EGU2020-10825
https://doi.org/10.5194/egusphere-egu2020-10825
EGU General Assembly 2020
© Author(s) 2020. This work is distributed under
the Creative Commons Attribution 4.0 License.

A catastrophic Late Pleistocene debris flow sourced in the glaciated High Atlas of Morocco

Madeleine Hann1, Jamie Woodward1, Philip Hughes1, and Edward Rhodes2
Madeleine Hann et al.
  • 1Department of Geography, School of Environment, Education and Development, University of Manchester, United Kingdom of Great Britain and Northern Ireland (madeleine.hann@manchester.ac.uk)
  • 2Department of Geography, University of Sheffield, Sheffield, United Kingdom of Great Britain and Northern Ireland

Catastrophic events such as debris flows and big floods are important agents of landscape change in steepland mountain environments. These events can be prominent in paraglacial settings as well as those that are tectonically active.   Since such catastrophic events pose  a significant natural hazard in deglaciating modern settings (e.g. Haeberli et al. 2017), it is useful to better understand analogous events in the recent geological past.

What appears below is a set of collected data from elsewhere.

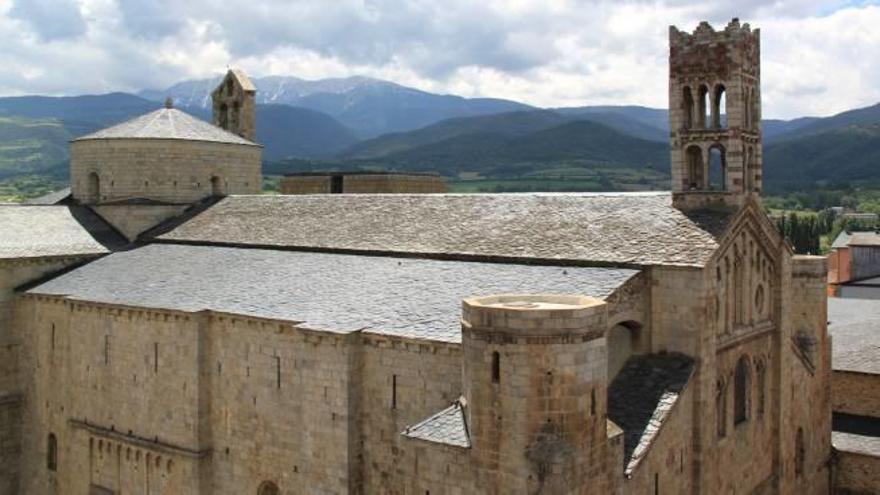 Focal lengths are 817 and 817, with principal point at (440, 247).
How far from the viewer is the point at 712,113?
23.9 m

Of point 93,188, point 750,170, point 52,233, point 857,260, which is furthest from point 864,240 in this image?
point 52,233

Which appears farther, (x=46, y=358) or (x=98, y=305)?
(x=46, y=358)

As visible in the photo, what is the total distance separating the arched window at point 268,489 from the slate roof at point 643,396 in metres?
9.39

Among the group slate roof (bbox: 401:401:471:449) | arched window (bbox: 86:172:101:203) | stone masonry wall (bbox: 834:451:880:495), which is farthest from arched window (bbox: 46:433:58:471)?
stone masonry wall (bbox: 834:451:880:495)

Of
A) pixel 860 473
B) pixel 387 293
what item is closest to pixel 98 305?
pixel 387 293

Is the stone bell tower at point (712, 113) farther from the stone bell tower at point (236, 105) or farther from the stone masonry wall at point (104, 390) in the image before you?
the stone bell tower at point (236, 105)

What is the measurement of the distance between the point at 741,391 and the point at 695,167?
6.65 metres

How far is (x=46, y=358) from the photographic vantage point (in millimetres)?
28703

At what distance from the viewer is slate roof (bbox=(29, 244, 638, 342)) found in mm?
20188

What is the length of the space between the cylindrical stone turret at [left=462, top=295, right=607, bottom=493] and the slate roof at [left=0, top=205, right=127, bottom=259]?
21.2 meters

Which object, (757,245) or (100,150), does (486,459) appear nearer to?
(757,245)

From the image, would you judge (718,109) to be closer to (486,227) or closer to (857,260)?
(486,227)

The Tamatert Valley, near the village of Imlil, on the northern slopes of Jebel Toubkal (4167 m a.s.l.) in the High Atlas, holds a valuable record of Quaternary landscape change.  The steepland Tamatert Valley was glaciated during the Pleistocene (Hughes et al. 2018)  and lies on the major Tizi n’Test Fault Zone.

More than 200 well rounded basalt mega-boulders (>2m b axis) have been mapped in the Tamatert Valley catchment (9 km2). Many of the boulders are larger than 5 m (b axis). The mega-boulders are found in the active channel of the Tamatert River, stranded above the modern channel, and embedded in valley-fill deposits. A preliminary chronological framework, combining cosmogenic exposure and luminescence dating, points to deposition of these boulders in the Late Pleistocene. The boulders are porphyritic basalt and lithologically distinct from the local diorite/granite bedrock.  They were transported by a catastrophic flood or debris flow over a distance of more than 3 km from the glaciated basalt source area.

Serendipitously, a debris flow producing a similarly extensive deposit of boulders (up to 3 m b axis) occurred in the neighbouring Mizane Valley in September 2019. Mapping of this modern deposit allows direct comparison with the Late Pleistocene event. Together, these provide valuable insights into the geomorphological significance of high magnitude, large boulder transit events in glaciated, steepland river catchments in the High Atlas. 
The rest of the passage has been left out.